His words echoed those expressed by UN Special Coordinator for the Middle East Peace Process Nickolay Mladenov, who condemned what he called “the expanding Israeli footprint” in the West Bank.
He took issue with continued settlement building, the advancement of plans and retroactive legalization of settler homes and outposts.
At the initiative of the Palestinian Authority, the UN Security Council plans to hold a meeting in October to debate Israeli settlement activity.
Israel has insisted that settlement activity has no bearing on the two-state solution and that the only necessary ingredient for the resolution of the conflict is for the Palestinians to sit down to negotiate a peace deal with Israel.
The Prime Minister’s Office had no response to the US statement.
The Knesset Land of Israel Caucus, led by MK Yoav Kisch (Likud) and MK Bezalel Smotrich (Bayit Yehudi), said that approvals and advancements reflected only a fraction of the needed housing in Judea and Samaria.
They charged that the lack of approvals is akin to a freeze, which is an “irredeemable injustice.”
Peace Now, which monitors settlement building, issued a short report on settlement activity after Wednesday’s meeting of the Higher Planing Council.
It charged that from January of this year until now, the council had helped retroactively legalize 756 illegal settler homes.
Out of those, 384 already existing illegal settler homes were given approvals, and plans were advanced to retroactively legalize another 372 such structures.
Such approvals, it charged, abet illegal settler construction because it gives “settlers the message that any construction done without planning will be retroactively legalized.”
In its mini-report Peace Now also explains that the council has advanced plans for 1,246 settler homes this year and approved the construction of 605 units.
Those numbers include Wednesday’s activity by the Higher Planning Council, Peace Now said.
The council retroactively legalized 179 homes in the Ofarim settlement, which is located 3.3 kilometers beyond the pre-1967 lines.

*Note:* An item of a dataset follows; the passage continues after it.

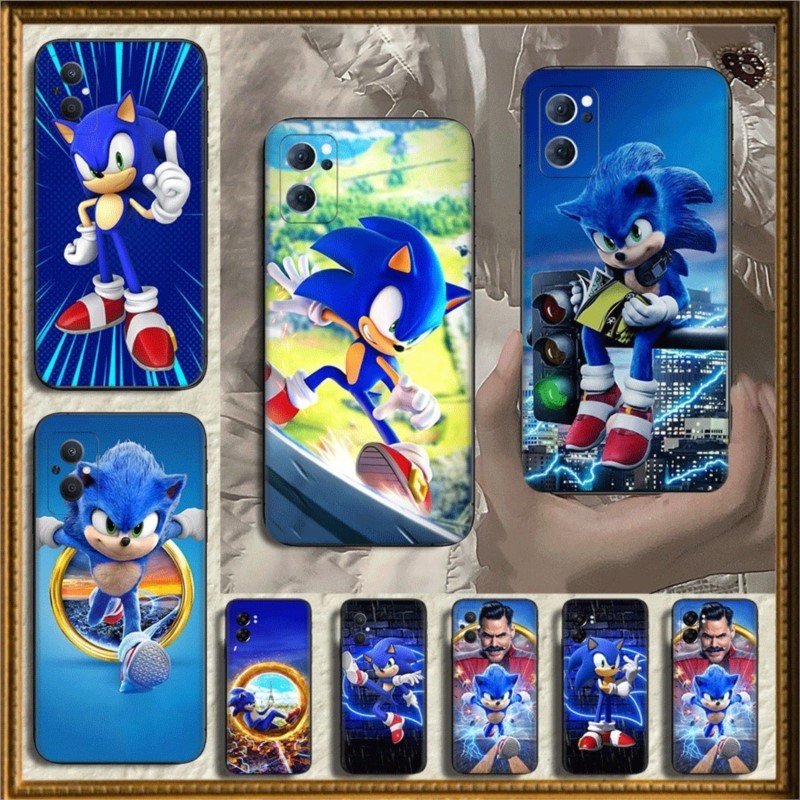 สําหรับ OPPO Reno 5 6 5K 8T 7 lite 7z A3 A3X A80 A60 A40 pro TPU เคสโทรศัพท์ soft shell ป้องกัน Soni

It approved 30 new homes in nearby Beit Aryeh. Both communities are close to Tel Aviv.
The council authorized 20 new homes in the Givat Ze’ev settlement located just outside of Jerusalem.
In addition, it advanced a 234- unit project for senior housing in the settlement of Elkana, outside of Tel Aviv in Samaria, Peace Now said.
Still, in spite of the number of plans that have been advanced, the number of homes under construction in 2016 remains low compared to past years.
The number of housing starts in West Bank settlements dropped by 53 percent in the first quarter of 2016, compared to the same period the previous year, according to the Central Bureau of Statistics. This means that ground was broken for 331 settler homes from January to March of this year, compared to the starts on 705 such units in 2015.
Separately, the number of finished settler homes rose by 14.9 percent in the first quarter of 2016, compared to that same period in 2015. This translated into the completion of 610 settler homes in the first three months of this year, compared with 531 such houses that were completed from January to March in 2015.